The mission shifted again, no less desperate, but now tinged with a terrifying clarity. We weren't just looking for a treasure. We were looking for the crumbling ruin of a failed divine bubble, hoping its ancient battery still had a charge, in the heart of a place that turned divine-scale predators into lunch.

"So the fort… it might be the most dangerous place of all," Lashley murmured. "A wound in the forest. A place where its rules are broken, twisted. Where residual battle magic and wild mana and the Stone's leaking power have all festered together for sixty years."

The System's description of the fort's hazards, residual spatial distortions, manifestations of crystallized battle-rage, now sounded like a clinical understatement for a localized pocket of reality cancer.

We stood in the awful silence, the magnitude of our task settling over us like a physical weight. The countdown, still ticking, felt like a timer on a bomb we were supposed to defuse while blindfolded, in a room full of sleeping dragons.

230:22:08... 07... 06...

Seven days. To find a necrotic blister in the skin of a living, angry god.

Neralia slowly, stiffly, got to her feet. She didn't look at the clearing. She looked at the compass case, still clutched in her white-knuckled hand. She opened it. The Seraphite shard glowed, undimmed, pointing unerringly forward, deeper into the green maw.

"It's still there," she said, her voice regaining a shred of its old haughtiness, brittle as glass. "The signal is strong. The artifact exists. The bubble, or its corpse, is real."

She snapped the case shut, the click definitive. She looked at me, then at Lashley. The fear was still there, a black pool in her eyes. But over it, a thin sheet of ice had formed, the furious, stubborn pride of her bloodline, refusing to be merely prey.

"We are not insects," she stated, as if commanding the forest itself to hear. "We are on the business of the Crown. We have a map. We have a compass. We will find this fort. We will retrieve the Stone. And we will walk out of this… this garden." She spat the last word like a curse.

It was bravado. Pure, undiluted, suicidal bravado. But in the face of the impossible, it was the only currency we had left. Delusion, or determination. The line between them had vanished the moment the lion roared.

I nodded, sheathing my sword. My hands had finally stopped shaking. Not from courage, but from a grim, final acceptance. The fear was baked in now, a permanent layer beneath my skin. There was no room for panic. Only the next step.

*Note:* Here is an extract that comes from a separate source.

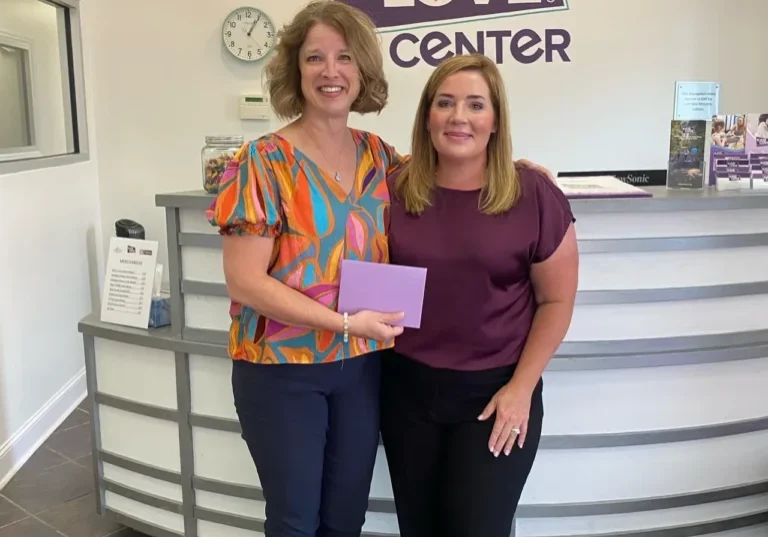 Smiling women at Kids to Love Center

"Then we move," I said. "Quietly. We don't run. We don't attract attention. We are dust. We are nothing. And we are going to steal a god's forgotten heart."

We shouldered our packs. We did not look back at the giants' battleground. We turned our faces towards the deeper green, where the Seraphite pointed, and began to walk again, three specks of desperate ambition in a world that had just shown us the true meaning of scale.